Эмма мечтает об иной жизни, грезит о любви, чуждой банальных супружеских отношений. Сама порождение мира пошлости, она тянется к возвышенному. Но ей не суждено вырваться из своей среды, попытки найти настоящую любовь оборачиваются заурядным адюльтером: в любовниках она находит то же, что и в муже — «пошлость брачного сожительства».

По словам Сент-Бёва, Флобер сумел дать анализ— глубокий, тонкий, обстоятельный — чувств и поступков своей героини, проникнуть в сердце госпожи Бовари. Ему это удалось потому, что он владел «пером так, как иные — скальпелем», заметил тот же Сент-Бёв. Но и сам Флобер говорил, что, анализируя поступки своей героини, ощущал холод скальпеля, проникающего в его тело. «Сердце, которое я изучал, было мое собственное сердце».

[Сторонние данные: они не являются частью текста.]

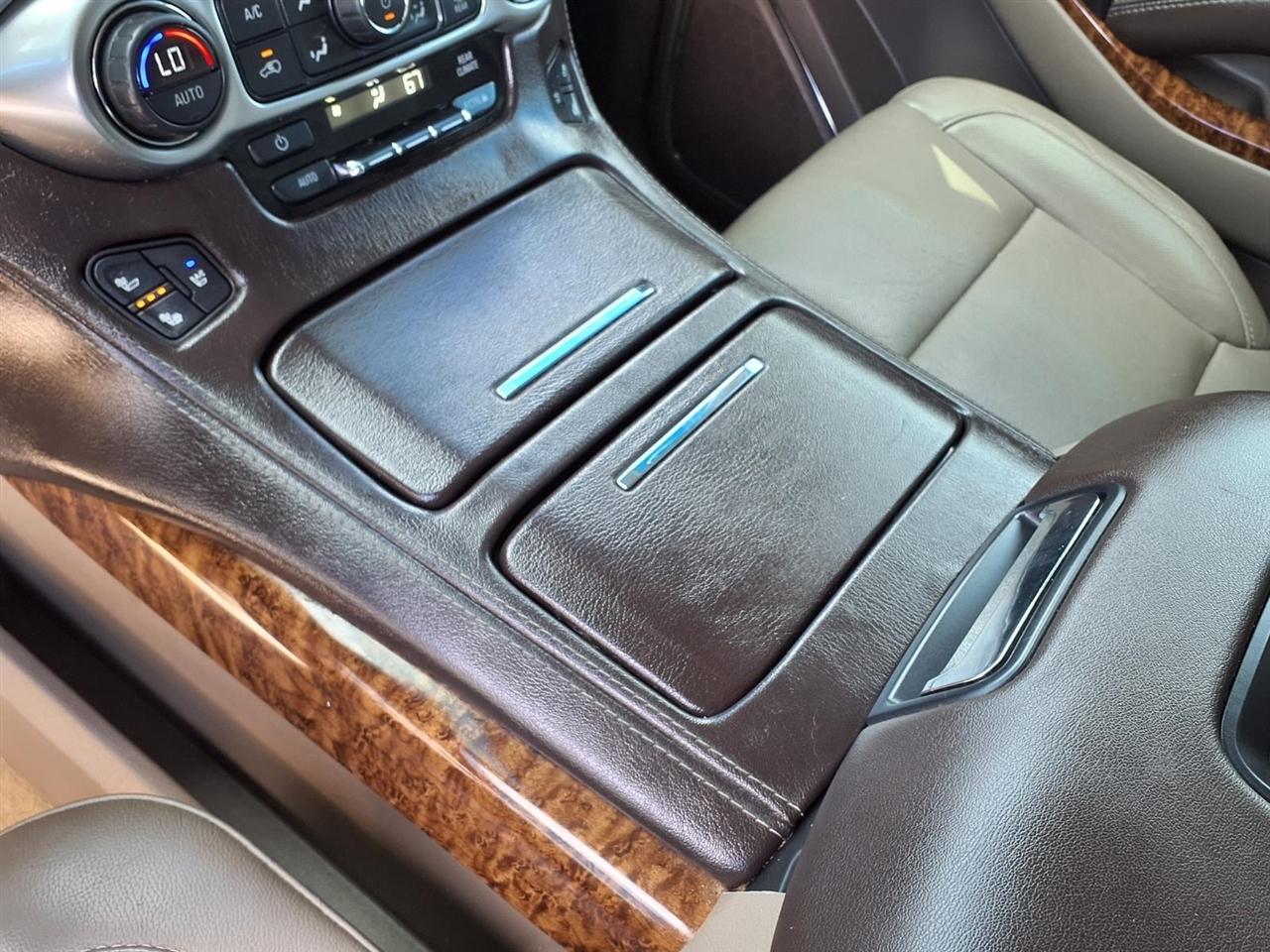 Chevrolet Tahoe  2016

Он надеялся, что роман, рождавшийся в муках творчества, станет пределом психологического постижения характера героини, захваченной «поэзией любви». Флобер смел думать, что ему удастся показать трагедию чувств в мире мещанства — ведь если говорить о любви, то это был главный предмет его размышлений в течение всей жизни.

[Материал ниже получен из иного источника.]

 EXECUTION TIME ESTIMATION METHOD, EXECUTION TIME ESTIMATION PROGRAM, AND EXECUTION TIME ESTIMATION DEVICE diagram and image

И тем не менее каждая страница давалась ему с неимоверным трудом. «Отвратительная работа!»— жалуется он Луизе Коле в моменты творческого застоя. Однако, пережив минуты вдохновения, признается, что любит свою работу яростной и извращенной любовью, как аскет власяницу, раздирающую ему тело.

Он переделывал фразы, перечеркивал, исправлял до тех пор, пока нельзя уже было ничего разобрать. Тогда страница летела в корзину, и он начинал заново. Зато какое блаженство испытывал, удачно завершив главу или эпизод. Теперь можно было выкурить трубку и отправиться в сад, захватив написанное. Прохаживаясь по липовой аллее, он вслух читал рукопись, изумляя соседей громоподобными раскатами голоса. «Опять господин Флобер горланит», — удивлялись они. И действительно, он «горланил», напрягая голос, как бы проверяя декламацией звучность и ритм текста. Каждая страница словно вторично рождалась в раскатах его могучего баса. Окончив «сеанс», Флобер возвращался в дом обедать.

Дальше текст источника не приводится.